_What you have to do_:
Output only the lines from the one holding "Amazon – EXCLUSIVELY" to the end of the data below, please, copied exactly.

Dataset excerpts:
*** Block opens ***

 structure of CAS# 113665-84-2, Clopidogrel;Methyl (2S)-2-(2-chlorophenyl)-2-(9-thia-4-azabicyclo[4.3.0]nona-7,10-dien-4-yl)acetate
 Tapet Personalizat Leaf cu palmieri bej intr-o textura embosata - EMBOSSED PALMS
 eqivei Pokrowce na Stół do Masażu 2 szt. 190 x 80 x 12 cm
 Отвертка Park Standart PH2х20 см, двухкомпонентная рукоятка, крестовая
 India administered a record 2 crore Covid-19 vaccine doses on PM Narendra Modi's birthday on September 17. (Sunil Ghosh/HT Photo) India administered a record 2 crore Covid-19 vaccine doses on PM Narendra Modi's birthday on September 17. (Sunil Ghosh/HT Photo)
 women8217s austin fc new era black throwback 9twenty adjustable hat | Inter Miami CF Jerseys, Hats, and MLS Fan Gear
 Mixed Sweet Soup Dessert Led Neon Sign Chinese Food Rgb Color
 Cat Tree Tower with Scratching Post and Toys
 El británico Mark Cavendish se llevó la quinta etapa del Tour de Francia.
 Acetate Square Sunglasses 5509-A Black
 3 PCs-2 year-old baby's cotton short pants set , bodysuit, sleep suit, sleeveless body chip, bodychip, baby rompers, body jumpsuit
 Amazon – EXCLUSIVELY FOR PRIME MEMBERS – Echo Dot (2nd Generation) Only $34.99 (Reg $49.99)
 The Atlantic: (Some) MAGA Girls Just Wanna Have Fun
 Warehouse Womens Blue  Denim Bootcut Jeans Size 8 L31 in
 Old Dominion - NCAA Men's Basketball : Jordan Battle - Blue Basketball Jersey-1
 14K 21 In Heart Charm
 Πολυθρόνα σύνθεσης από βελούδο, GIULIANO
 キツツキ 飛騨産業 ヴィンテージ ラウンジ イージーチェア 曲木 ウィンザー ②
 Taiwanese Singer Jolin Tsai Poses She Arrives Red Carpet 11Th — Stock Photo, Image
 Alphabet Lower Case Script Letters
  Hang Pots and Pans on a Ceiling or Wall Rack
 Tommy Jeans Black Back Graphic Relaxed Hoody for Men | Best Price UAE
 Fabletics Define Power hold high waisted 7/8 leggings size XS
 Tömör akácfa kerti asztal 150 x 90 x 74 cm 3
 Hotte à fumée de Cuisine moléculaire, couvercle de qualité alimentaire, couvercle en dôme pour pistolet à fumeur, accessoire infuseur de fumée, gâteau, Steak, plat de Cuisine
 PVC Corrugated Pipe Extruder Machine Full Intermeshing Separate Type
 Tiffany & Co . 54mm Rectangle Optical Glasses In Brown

*** Block closes ***

_Reply_:
 Amazon – EXCLUSIVELY FOR PRIME MEMBERS – Echo Dot (2nd Generation) Only $34.99 (Reg $49.99)
 The Atlantic: (Some) MAGA Girls Just Wanna Have Fun
 Warehouse Womens Blue  Denim Bootcut Jeans Size 8 L31 in
 Old Dominion - NCAA Men's Basketball : Jordan Battle - Blue Basketball Jersey-1
 14K 21 In Heart Charm
 Πολυθρόνα σύνθεσης από βελούδο, GIULIANO
 キツツキ 飛騨産業 ヴィンテージ ラウンジ イージーチェア 曲木 ウィンザー ②
 Taiwanese Singer Jolin Tsai Poses She Arrives Red Carpet 11Th — Stock Photo, Image
 Alphabet Lower Case Script Letters
  Hang Pots and Pans on a Ceiling or Wall Rack
 Tommy Jeans Black Back Graphic Relaxed Hoody for Men | Best Price UAE
 Fabletics Define Power hold high waisted 7/8 leggings size XS
 Tömör akácfa kerti asztal 150 x 90 x 74 cm 3
 Hotte à fumée de Cuisine moléculaire, couvercle de qualité alimentaire, couvercle en dôme pour pistolet à fumeur, accessoire infuseur de fumée, gâteau, Steak, plat de Cuisine
 PVC Corrugated Pipe Extruder Machine Full Intermeshing Separate Type
 Tiffany & Co . 54mm Rectangle Optical Glasses In Brown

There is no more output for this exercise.